As described above, in the present disclosure, the agent 300a (agent1) of the first speaker and the agent 300b (agent2) of the second speaker in the cloud may share the command of the first speaker or the second speaker and information based on their request in the smart device of the cloud environment and cooperate with each other to execute the shared information, thereby simply learning different information which does not overlap.

FIG. 18 is a diagram illustrating an example of a data processing method based on artificial intelligence according to an embodiment of the present disclosure.

Referring to FIG. 18, a plurality of agents according to an embodiment of the present disclosure may be evolved based on information sharing between agents in the cloud environment.

The first smart device 100a may listen to conversation between the first speaker and the second speaker in real time. The first speaker may be referred to as I or the user.
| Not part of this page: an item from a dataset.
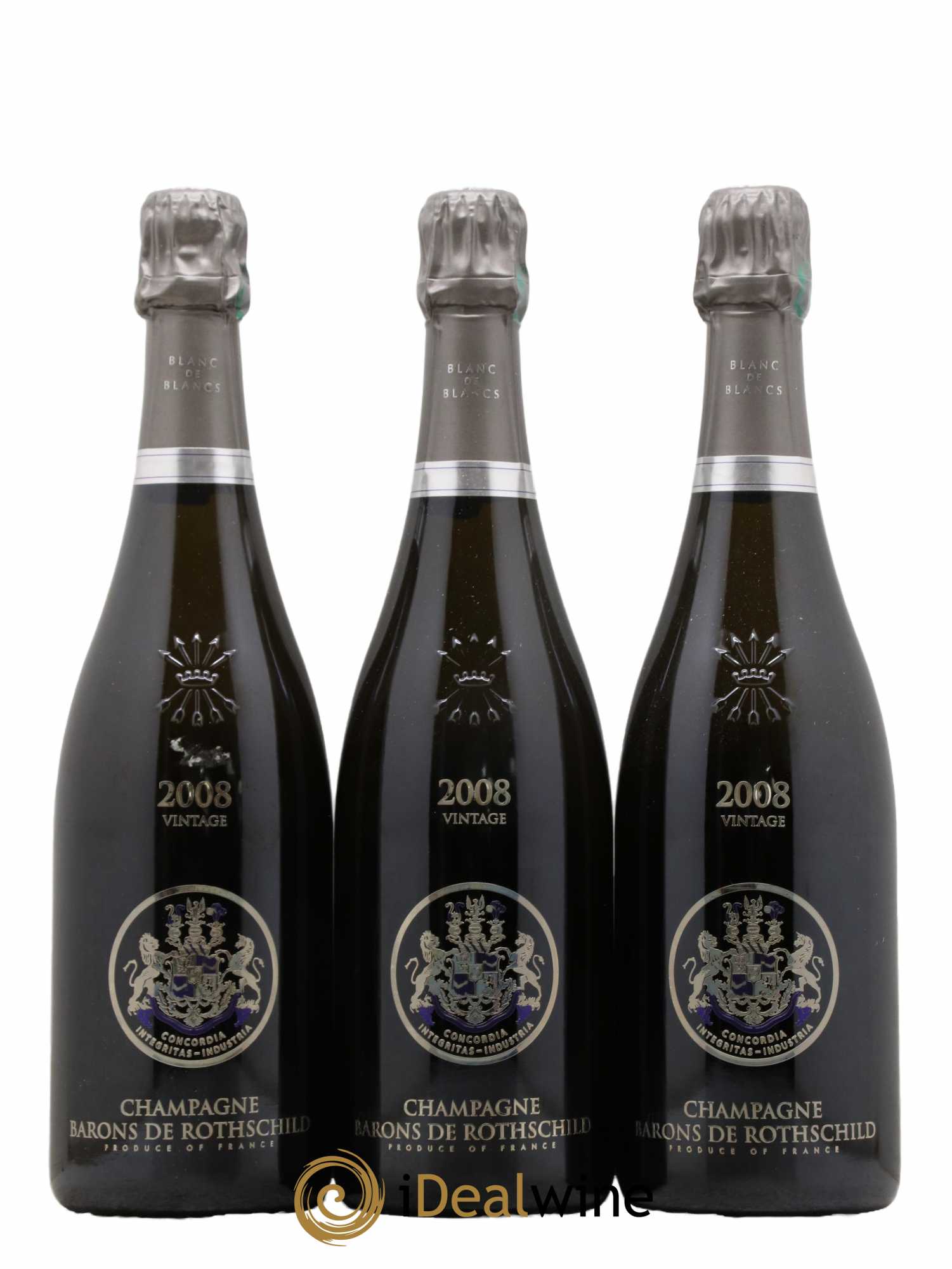 Champagne Brut Blanc de Blancs Barons de Rothschild 2008 - Lot de 3 bouteilles - 0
The second speaker may be called a friend.

When the first smart device 100a does not correctly understand a question of the first speaker, it may check whether there is information on the second speaker. The information of the second speaker may include face information of the friend or voice information of the friend.

The first smart device 100a may transmit information of the second speaker to the agent 300a of the first speaker (S31).

The agent 300a of the first speaker may authenticate based on the transmitted information of the second speaker and access the agent 300b of the second speaker. For example, the agent 300a of the first speaker may authenticate based on the face of the second speaker or the voice of the second speaker.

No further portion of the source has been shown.